# Samsung Refrigerator Water Dripping from Water/Ice Dispenser



## kennykenny (Sep 23, 2007)

I have a Samsung RF267AEP French door refrigerator. Daily, in the morning and periodically throughout the day, I find puddles of water in the catch area below the dispenser. I wipe up the water and then hours later, I find more water puddling. 

Why is this occurring? How can I fix it? Thank you.


----------



## BayouRunner (Feb 5, 2016)

Don’t know the part number but your water is basically siphoning out of the dispenser. They make what I’ll call a check valve that you install at the base off the door. Basically you remove the connector that’s there and replace it. It stops the siphon action. Sorry I can’t be more help, I know we put quite a few in. Maybe call Samsung. They probably have a service bulletin on it. They won’t give you that info but they would give you a part number. It’s just a few dollars


----------



## kennykenny (Sep 23, 2007)

BayouRunner said:


> Don’t know the part number but your water is basically siphoning out of the dispenser. They make what I’ll call a check valve that you install at the base off the door. Basically you remove the connector that’s there and replace it. It stops the siphon action. Sorry I can’t be more help, I know we put quite a few in. Maybe call Samsung. They probably have a service bulletin on it. They won’t give you that info but they would give you a part number. It’s just a few dollars


Thank you Bayou for the information. At least I now know there is a fix for this issue. 

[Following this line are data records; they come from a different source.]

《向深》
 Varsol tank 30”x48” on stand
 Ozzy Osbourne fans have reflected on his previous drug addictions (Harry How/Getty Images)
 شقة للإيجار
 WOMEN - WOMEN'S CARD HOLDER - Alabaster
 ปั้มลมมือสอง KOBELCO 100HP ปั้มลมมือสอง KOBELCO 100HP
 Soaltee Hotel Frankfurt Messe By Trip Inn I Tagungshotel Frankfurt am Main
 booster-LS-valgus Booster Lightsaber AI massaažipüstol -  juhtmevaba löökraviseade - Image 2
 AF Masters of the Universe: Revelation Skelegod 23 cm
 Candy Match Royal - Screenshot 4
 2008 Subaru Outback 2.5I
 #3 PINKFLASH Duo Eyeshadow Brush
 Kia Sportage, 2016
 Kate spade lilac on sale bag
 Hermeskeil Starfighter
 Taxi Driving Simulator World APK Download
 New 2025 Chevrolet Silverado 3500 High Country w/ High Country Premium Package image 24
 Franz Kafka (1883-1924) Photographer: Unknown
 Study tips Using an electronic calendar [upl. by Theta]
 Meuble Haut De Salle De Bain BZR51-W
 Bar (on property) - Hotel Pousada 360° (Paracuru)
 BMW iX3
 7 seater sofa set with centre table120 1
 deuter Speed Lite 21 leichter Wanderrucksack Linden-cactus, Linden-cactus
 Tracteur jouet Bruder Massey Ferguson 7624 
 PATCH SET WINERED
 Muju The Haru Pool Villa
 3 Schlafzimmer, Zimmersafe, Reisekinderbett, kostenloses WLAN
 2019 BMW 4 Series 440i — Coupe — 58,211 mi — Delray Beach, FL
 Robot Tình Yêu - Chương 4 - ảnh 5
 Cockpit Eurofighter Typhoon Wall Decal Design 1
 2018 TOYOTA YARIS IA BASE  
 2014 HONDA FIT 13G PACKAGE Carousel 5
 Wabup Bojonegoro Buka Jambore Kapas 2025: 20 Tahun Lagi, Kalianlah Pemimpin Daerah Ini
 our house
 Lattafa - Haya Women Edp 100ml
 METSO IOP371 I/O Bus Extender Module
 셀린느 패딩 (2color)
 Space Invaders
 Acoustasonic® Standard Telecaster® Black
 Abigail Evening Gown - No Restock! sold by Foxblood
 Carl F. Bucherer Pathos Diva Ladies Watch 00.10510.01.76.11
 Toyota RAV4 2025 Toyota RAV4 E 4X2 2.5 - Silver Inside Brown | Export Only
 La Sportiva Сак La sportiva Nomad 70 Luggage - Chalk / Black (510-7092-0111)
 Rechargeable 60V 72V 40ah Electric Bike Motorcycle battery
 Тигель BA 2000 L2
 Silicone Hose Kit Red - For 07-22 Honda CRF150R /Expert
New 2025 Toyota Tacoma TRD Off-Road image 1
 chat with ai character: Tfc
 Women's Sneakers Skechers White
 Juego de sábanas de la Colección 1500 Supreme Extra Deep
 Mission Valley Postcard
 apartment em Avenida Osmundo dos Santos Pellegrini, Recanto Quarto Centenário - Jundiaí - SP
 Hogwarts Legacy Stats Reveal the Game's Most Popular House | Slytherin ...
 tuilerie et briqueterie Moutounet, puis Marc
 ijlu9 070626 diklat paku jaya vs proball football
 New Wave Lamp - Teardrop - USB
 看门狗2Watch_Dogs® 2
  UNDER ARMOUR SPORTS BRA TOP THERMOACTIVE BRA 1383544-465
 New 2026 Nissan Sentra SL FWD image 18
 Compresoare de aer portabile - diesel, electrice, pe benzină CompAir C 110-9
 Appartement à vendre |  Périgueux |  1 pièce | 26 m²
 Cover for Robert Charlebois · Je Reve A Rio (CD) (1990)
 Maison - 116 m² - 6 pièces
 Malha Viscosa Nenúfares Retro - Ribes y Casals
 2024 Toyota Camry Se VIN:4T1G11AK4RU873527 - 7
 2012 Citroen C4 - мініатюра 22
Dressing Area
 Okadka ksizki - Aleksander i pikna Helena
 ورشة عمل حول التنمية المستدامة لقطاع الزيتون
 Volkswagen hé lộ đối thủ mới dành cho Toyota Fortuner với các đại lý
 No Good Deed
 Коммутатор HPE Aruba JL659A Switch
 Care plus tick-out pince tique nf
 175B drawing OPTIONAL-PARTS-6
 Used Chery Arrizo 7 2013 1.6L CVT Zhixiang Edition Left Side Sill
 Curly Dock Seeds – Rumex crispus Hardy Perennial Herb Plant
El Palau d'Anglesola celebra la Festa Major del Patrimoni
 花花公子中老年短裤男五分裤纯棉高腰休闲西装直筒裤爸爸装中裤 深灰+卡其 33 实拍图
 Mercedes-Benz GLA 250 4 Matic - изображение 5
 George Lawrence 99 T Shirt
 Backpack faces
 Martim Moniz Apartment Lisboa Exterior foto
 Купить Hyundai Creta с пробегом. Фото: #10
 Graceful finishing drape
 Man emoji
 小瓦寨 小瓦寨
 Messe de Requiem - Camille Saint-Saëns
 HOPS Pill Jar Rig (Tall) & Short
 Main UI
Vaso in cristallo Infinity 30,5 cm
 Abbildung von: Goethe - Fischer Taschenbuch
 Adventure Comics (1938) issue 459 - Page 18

Can anyone piggyback on the response and give further details on how to do the repair and possibly give a part number and maybe a video or instructions on how to do the repair??


----------



## BayouRunner (Feb 5, 2016)

Here you go

http://www.msaworld.com/wp-content/uploads/sites/3/2014/07/ASC20080228001updated.pdf


----------



## BayouRunner (Feb 5, 2016)

Skip the beginning steps, just change the check valve. Original fitting is not a check valve. You will notice one water line is a different size then the other so you can’t put it in backwards. I don’t know why I remembered that service bulletin but it was a common problem with the rf267 refrigerators. My description was incorrect. I actually believe that when the warmer water goes in the water tank after it cools it contracts slightly and causes the minor water dripping. The bulletin says air, but does it really matter? lol Its a very easy repair. Not many people would know about this repair but when the techs had a problem they couldn’t solve I would search for service bulletins and order the parts. We ordered quite a few at one period of time


----------



## kennykenny (Sep 23, 2007)

BayouRunner said:


> Skip the beginning steps, just change the check valve. Original fitting is not a check valve. You will notice one water line is a different size then the other so you can’t put it in backwards. I don’t know why I remembered that service bulletin but it was a common problem with the rf267 refrigerators. My description was incorrect. I actually believe that when the warmer water goes in the water tank after it cools it contracts slightly and causes the minor water dripping. The bulletin says air, but does it really matter? lol Its a very easy repair. Not many people would know about this repair but when the techs had a problem they couldn’t solve I would search for service bulletins and order the parts. We ordered quite a few at one period of time


Thank you so much. Just a couple things to verify, I really only have to start the process at step #$4? The picture at #4 shows taking the cover off of the top of the refrigerator, correct? Finally, I have looked around online attempting to find the check valve for my model, RF267AEPN, and I'm not having good luck. The part number that was listed on the instructions that you provided does not work for my model. 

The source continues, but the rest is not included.